Historically, “inam” denoted grants made by rulers or local authorities—often revenue-free or concessional—so that religious and charitable institutions could function in perpetuity. In the case of Devasthan inams, the beneficial ownership lies with the deity or religious trust, and trustees exercise fiduciary duties to use the income exclusively for religious and charitable objects. In legal terms, this is a specialized subset of trust property whose character is defined by purpose, usage, and donor intent rather than ordinary market utility. Any reform that extinguishes, vests, or repurposes these lands must therefore be narrowly tailored to protect the trust’s beneficiary purpose and the community rights attached to it.

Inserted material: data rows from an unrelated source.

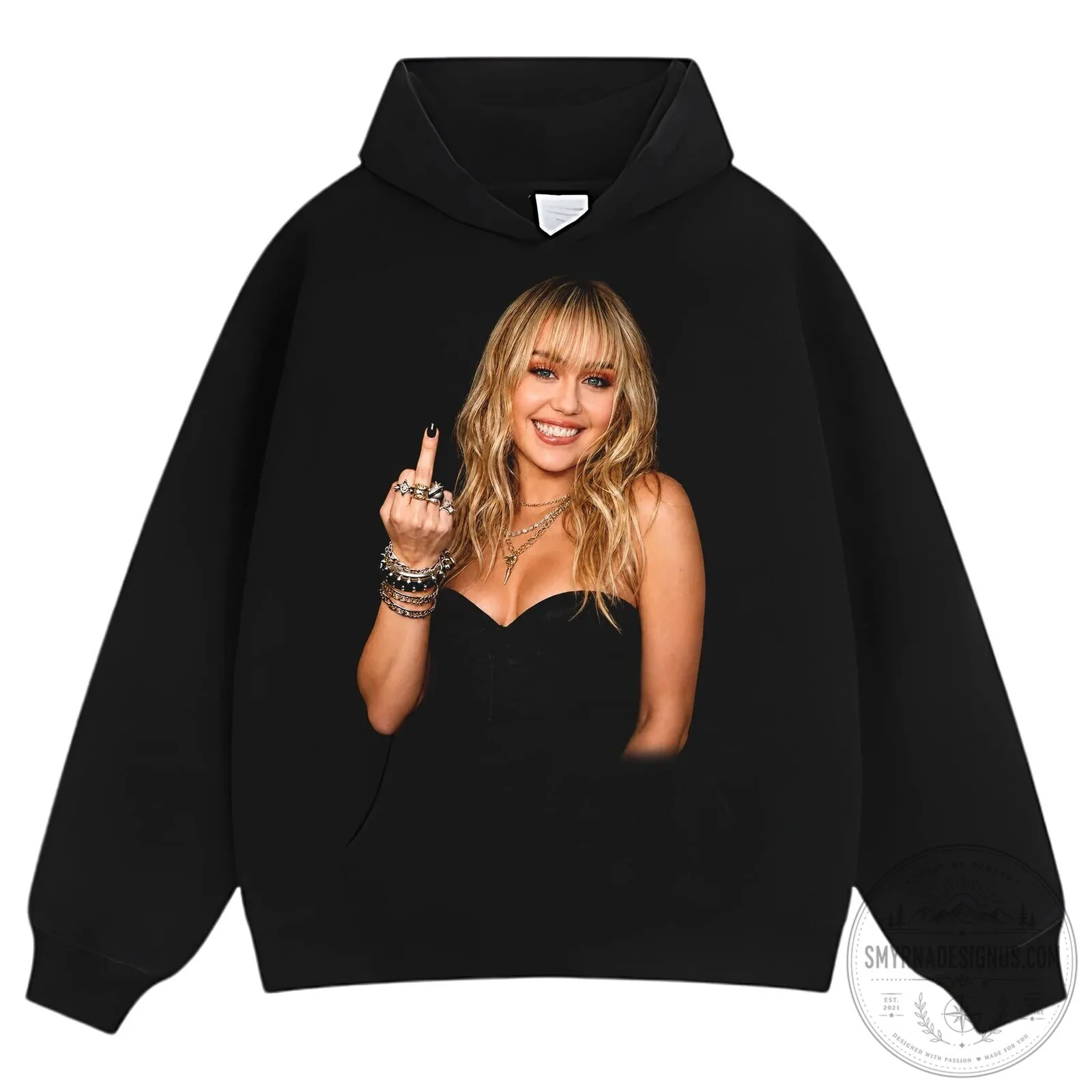 Vintage Black Graphic Tee featuring Miley Cyrus's Middle Finger Design 15 vintage black graphic tee featuring miley cyrus s middle finger design gallery 7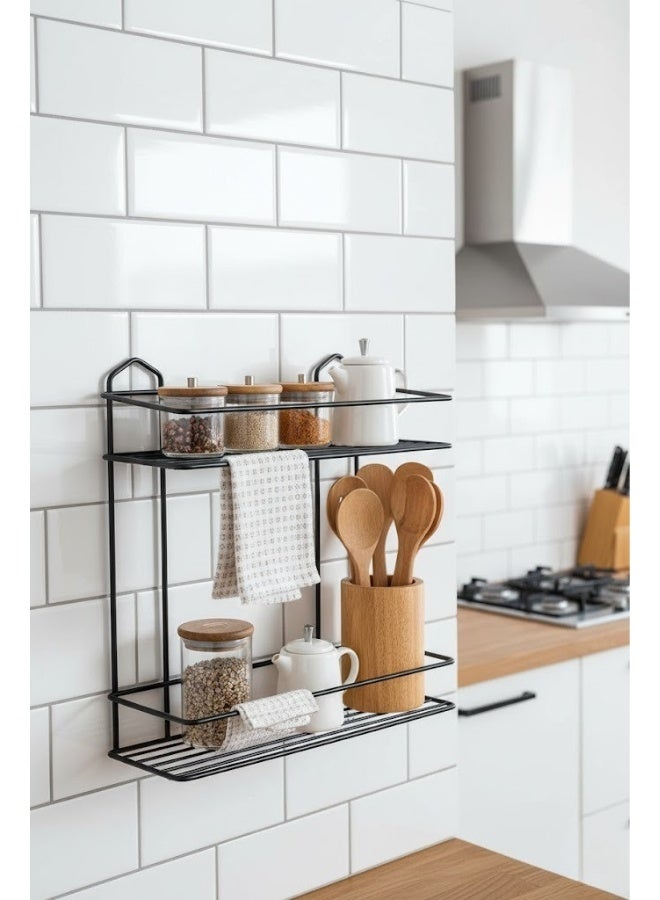 Happy Home Double Stainless Steel Corner Shelf - 2 Shelves for Shampoo, Soap and Toiletries Storage, Elegant 31 x 30cm, Suitable for Bathroom and Kitchen, Luxury Black - Image 3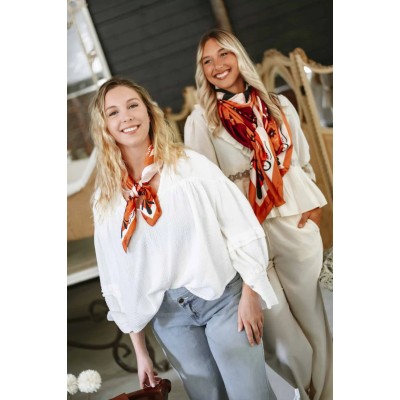 Shanna Foulard Mini Carré Love Brique.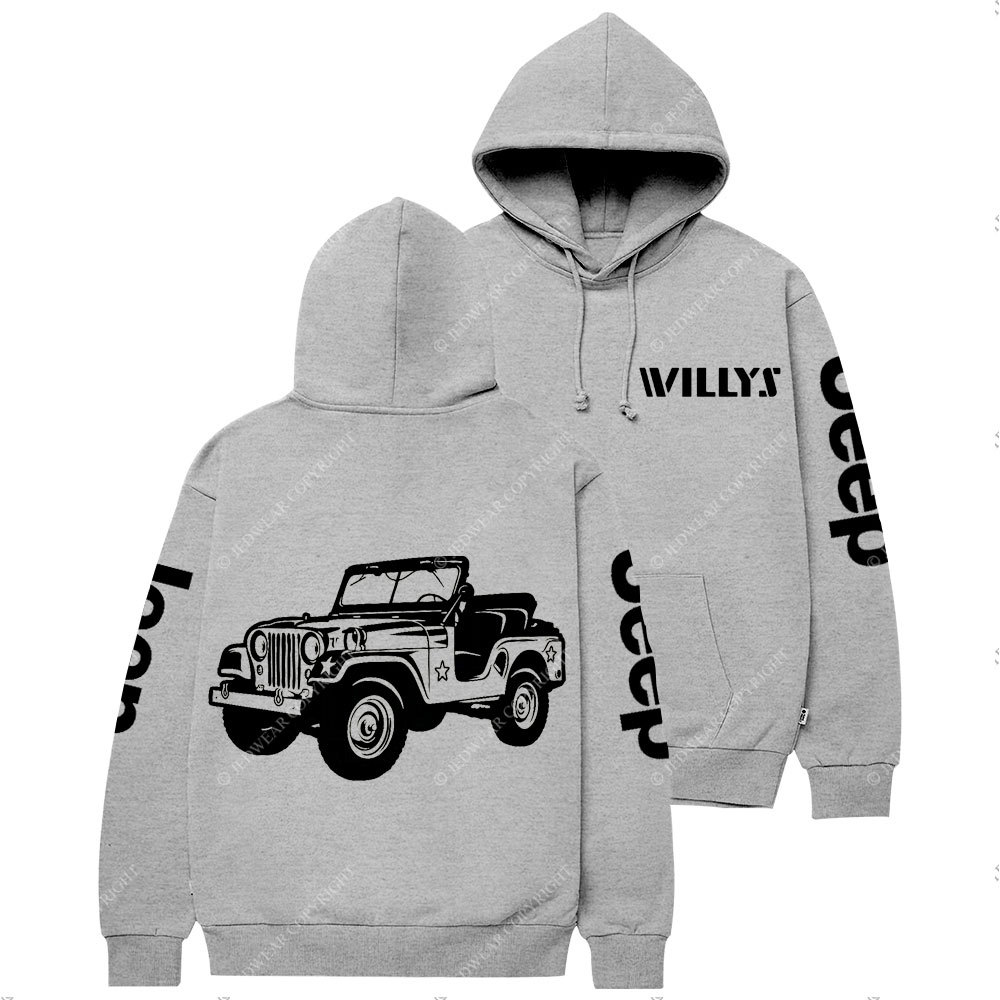 Willys Jp 1952 Classic Car Casual Hoodie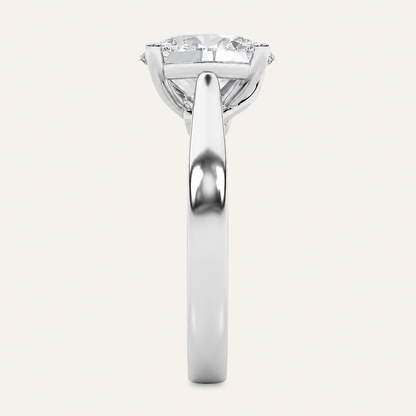 2CT Oval Cut Lab Grown Diamond Classic Shank Solitaire Engagement Ring
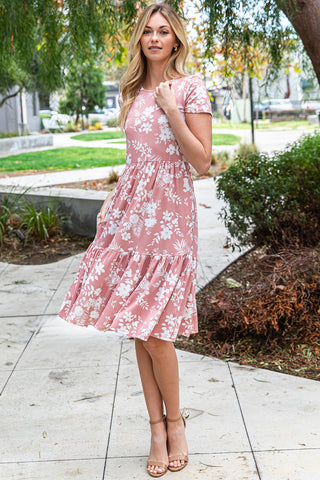 Floral Half Sleeve Button Top Smocked Ruffle Hem Skirt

While the precise contours of the proposed Devasthan Inam Abolition Act 2026 have not been publicly codified in full detail, discussants expressed converging apprehensions. First, abolition of the “inam” tenure might lead to vesting mechanisms or administrative controls that dilute temple autonomy over endowment assets. Second, uncertainty about compensation, revenue usage, and continuity of rituals could disrupt the daily functioning of institutions that rely on in-kind produce and rental income from these lands. Third, an abrupt, one-sided approach risks widening distrust if other religious endowments—such as Waqf properties or trusts associated with Buddhist viharas, Jain derasars, and Sikh gurdwaras—are not simultaneously brought under analogous standards of oversight, transparency, and due process.

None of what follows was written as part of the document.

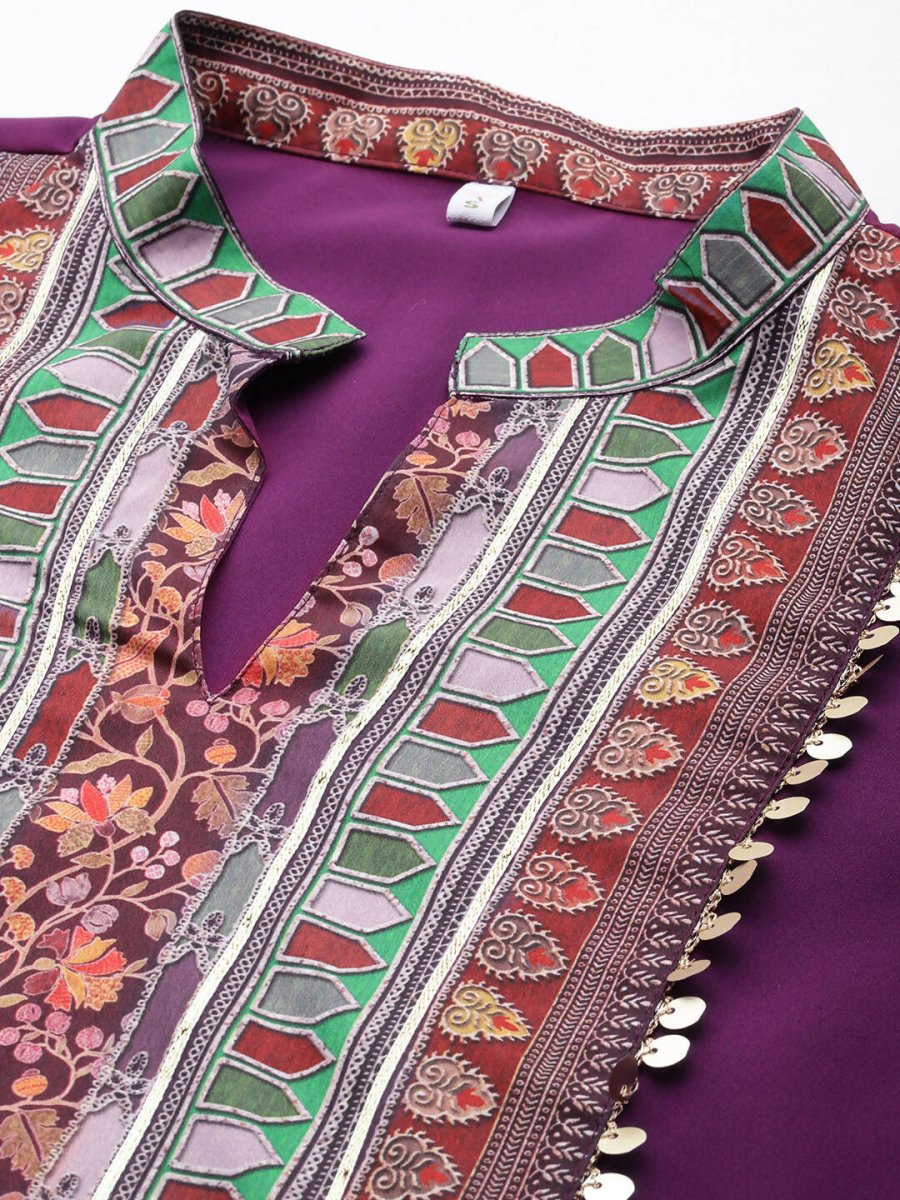 Ahalyaa Women's Traditional wear Kurta Set - Burgundy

The constitutional frame heavily informs this debate. Articles 25 and 26 of the Constitution of India protect freedom of religion and the right of religious denominations to manage their own affairs in matters of religion, subject to public order, morality, and health. Article 14 guards equality before the law, prohibiting state action that is arbitrary or discriminatory. Article 27 precludes compelled taxation for the promotion of any particular religion, and Article 300A ensures that no person is deprived of property save by authority of law. Judicial pronouncements—from the Shirur Mutt case to subsequent rulings concerning state oversight of religious endowments—have repeatedly held that while the state may regulate secular aspects to prevent mismanagement, any takeover or curtailment must be proportionate, temporary, and directed to remedying specific, demonstrable malfeasance rather than effecting a permanent displacement of trusteeship or beneficial ownership.

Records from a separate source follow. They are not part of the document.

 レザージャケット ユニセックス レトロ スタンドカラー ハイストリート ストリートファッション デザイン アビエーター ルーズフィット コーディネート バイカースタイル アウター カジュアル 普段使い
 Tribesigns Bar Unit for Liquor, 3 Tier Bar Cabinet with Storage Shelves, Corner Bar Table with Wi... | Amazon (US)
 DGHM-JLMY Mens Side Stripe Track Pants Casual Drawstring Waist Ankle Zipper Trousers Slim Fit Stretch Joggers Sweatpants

Participants contrasted the proposed approach to Devasthan lands with frameworks currently governing other religious endowments in India. Waqf properties function under the Waqf Act, 1995 (as amended), with dedicated boards and statutory protections defining management, alienation, and oversight. Institutions associated with Sikh gurdwaras or specific regional endowments likewise operate under bespoke statutes. The consensus in the Parishad was that any reform in Maharashtra should institute a neutral baseline of accountability—applied uniformly to Hindu, Buddhist, Jain, Sikh, and Islamic endowments—so that no single tradition bears a disproportionate regulatory burden and the constitutional promise of non-discrimination is honored in both letter and spirit.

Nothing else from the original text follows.